__Supplied data__:
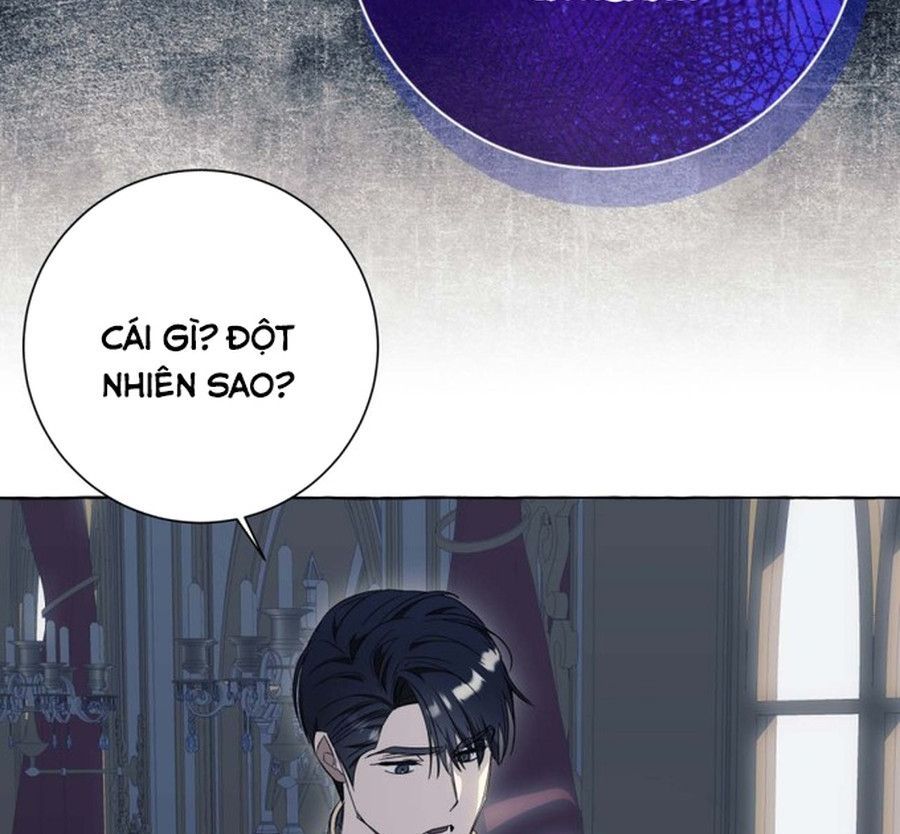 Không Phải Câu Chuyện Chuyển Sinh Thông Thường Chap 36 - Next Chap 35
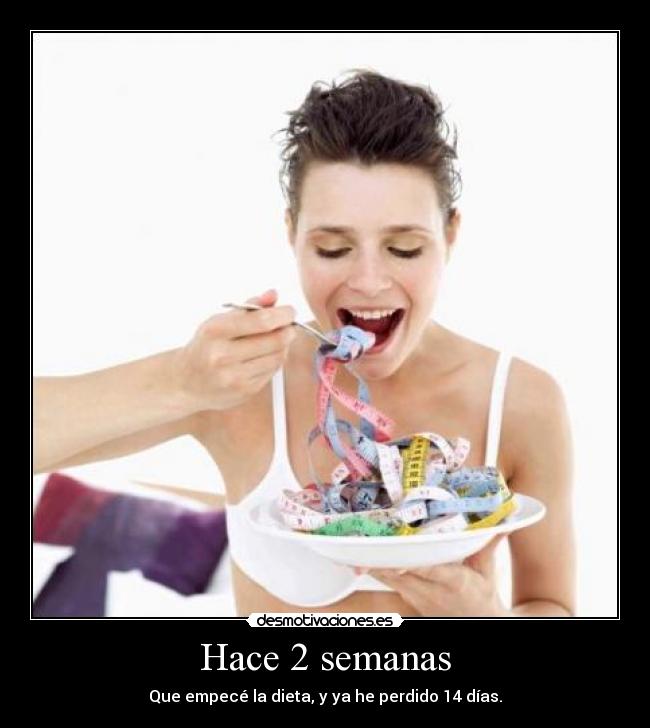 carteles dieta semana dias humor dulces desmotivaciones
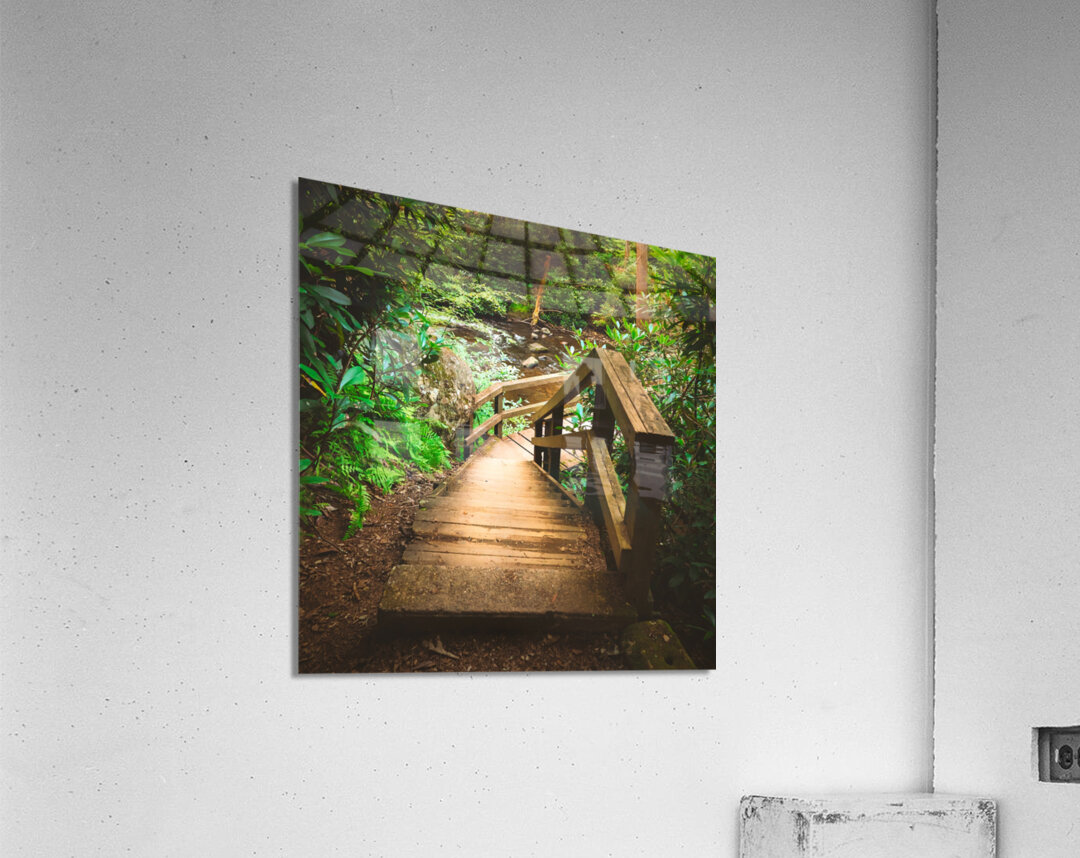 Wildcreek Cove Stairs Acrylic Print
* * *
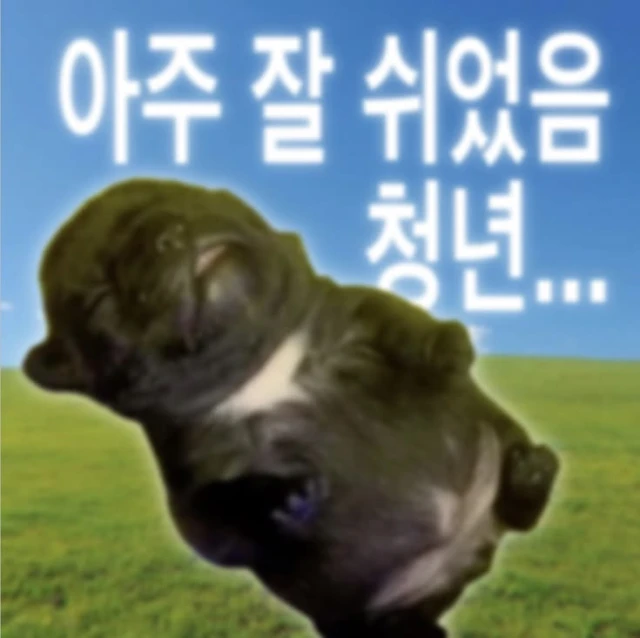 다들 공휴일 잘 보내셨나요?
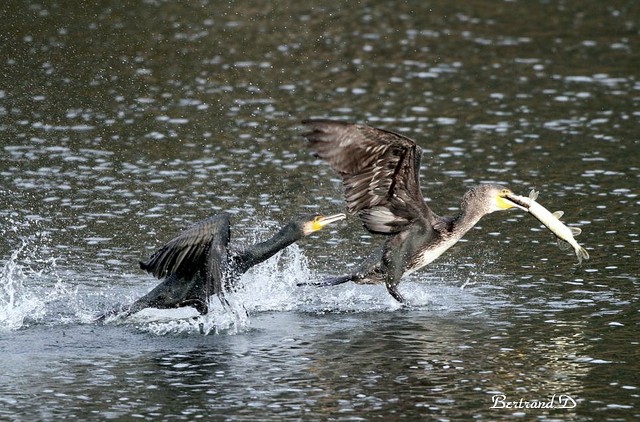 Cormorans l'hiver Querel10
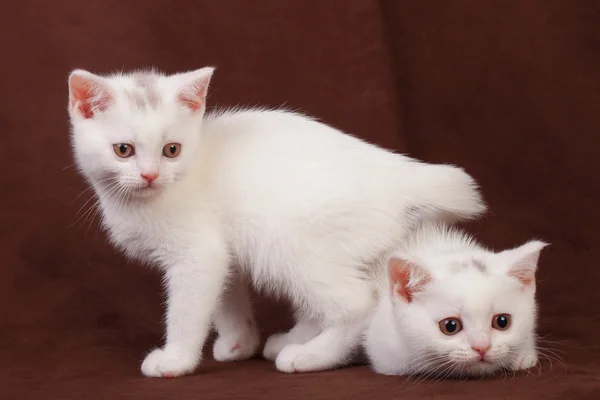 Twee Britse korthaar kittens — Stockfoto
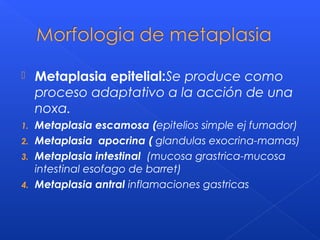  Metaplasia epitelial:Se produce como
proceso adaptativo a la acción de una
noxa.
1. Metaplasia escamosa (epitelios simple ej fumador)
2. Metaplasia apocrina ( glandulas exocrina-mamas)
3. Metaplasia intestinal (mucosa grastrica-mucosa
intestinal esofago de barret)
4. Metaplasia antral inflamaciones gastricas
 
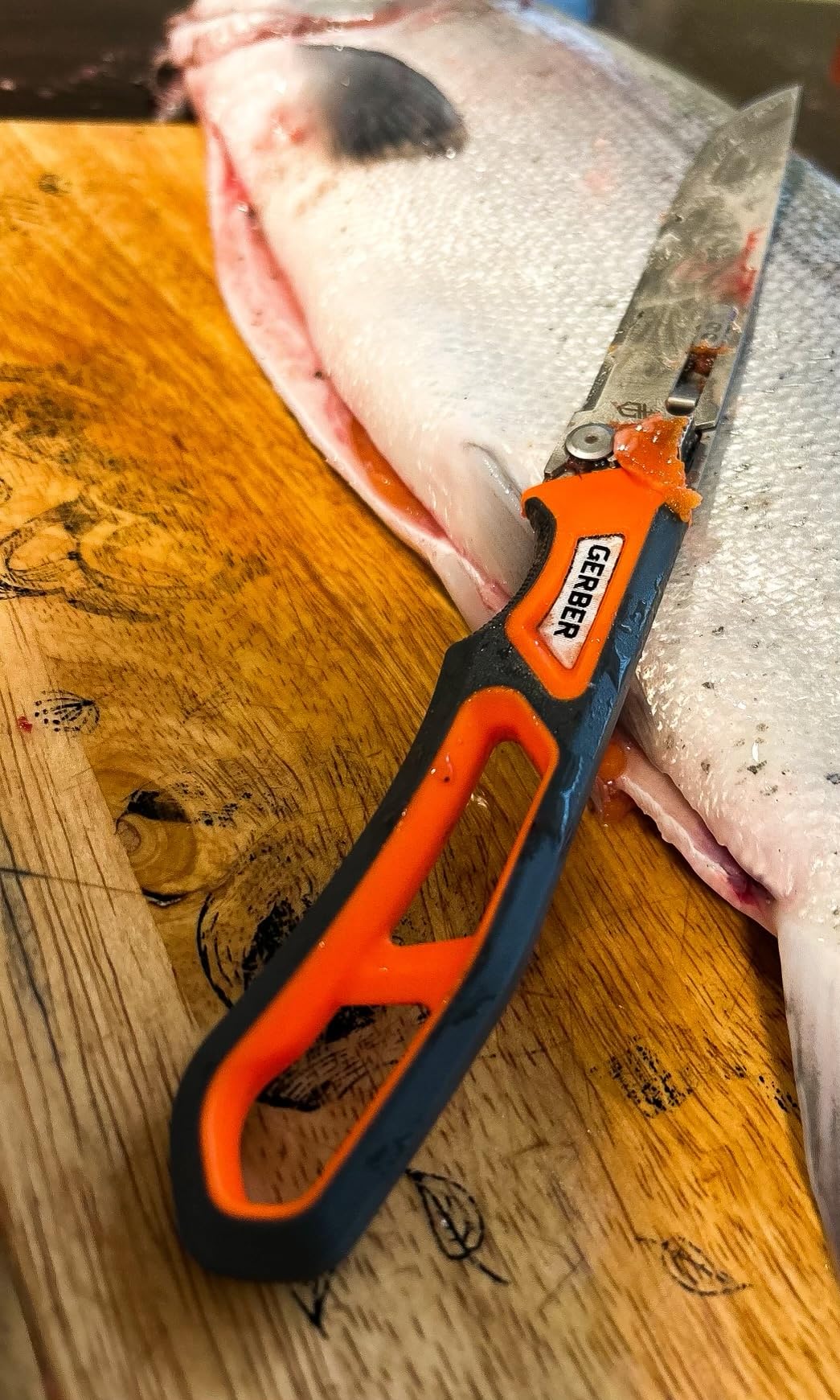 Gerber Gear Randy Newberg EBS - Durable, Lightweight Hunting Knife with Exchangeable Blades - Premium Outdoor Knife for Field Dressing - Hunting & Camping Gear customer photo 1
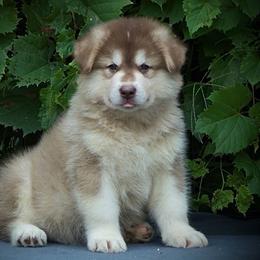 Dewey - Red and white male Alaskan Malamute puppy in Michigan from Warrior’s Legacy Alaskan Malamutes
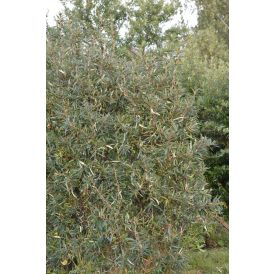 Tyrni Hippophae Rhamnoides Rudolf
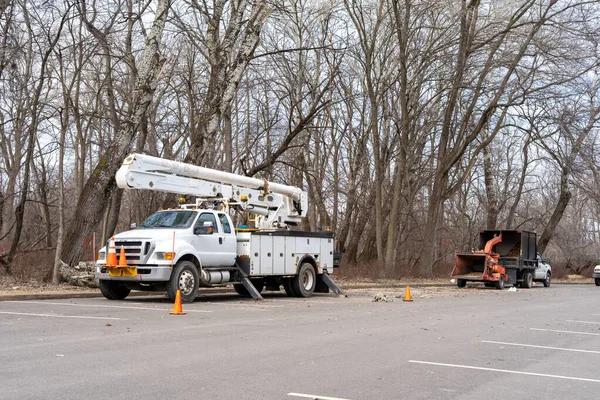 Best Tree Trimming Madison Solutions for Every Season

__Exercise description__:
An exact copy is needed of the entries above, starting at the line that holds "Dewey - Red" and stopping at the line that holds "Best Tree Trimming", both kept; pictures stay out.

__Exercise answer__:
 Dewey - Red and white male Alaskan Malamute puppy in Michigan from Warrior’s Legacy Alaskan Malamutes
 Tyrni Hippophae Rhamnoides Rudolf
 Best Tree Trimming Madison Solutions for Every Season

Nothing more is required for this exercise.